## Required work:
When you transcribe the data below, reproduce every line exactly and leave each picture out.

## Supplied data:
——————————

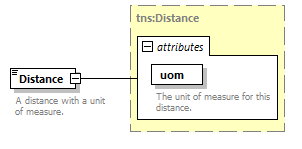 routing_p168.png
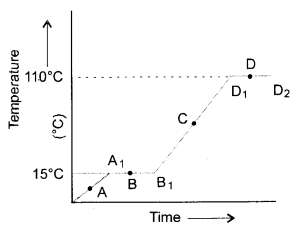 Matter in Our Surroundings Class 9 Important Questions Science Chapter 1 img 1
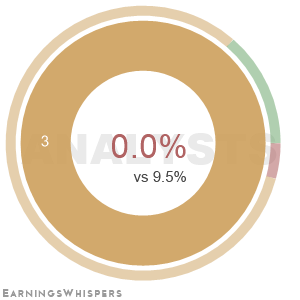 The net recommendation of analysts covering Capitol Fed Finl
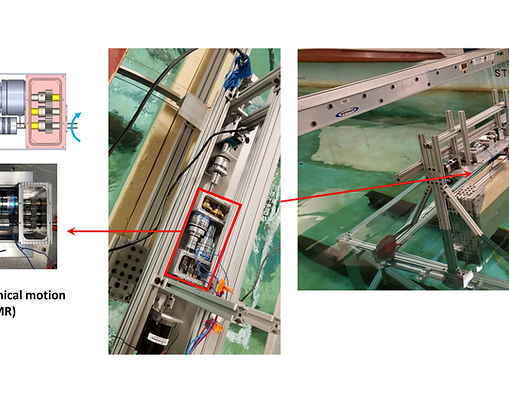 Active Mechanical Motion Rectifier (AMMR) for Wave Energy Converters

——————————

## Response box:
 routing_p168.png
 Matter in Our Surroundings Class 9 Important Questions Science Chapter 1 img 1
 The net recommendation of analysts covering Capitol Fed Finl
 Active Mechanical Motion Rectifier (AMMR) for Wave Energy Converters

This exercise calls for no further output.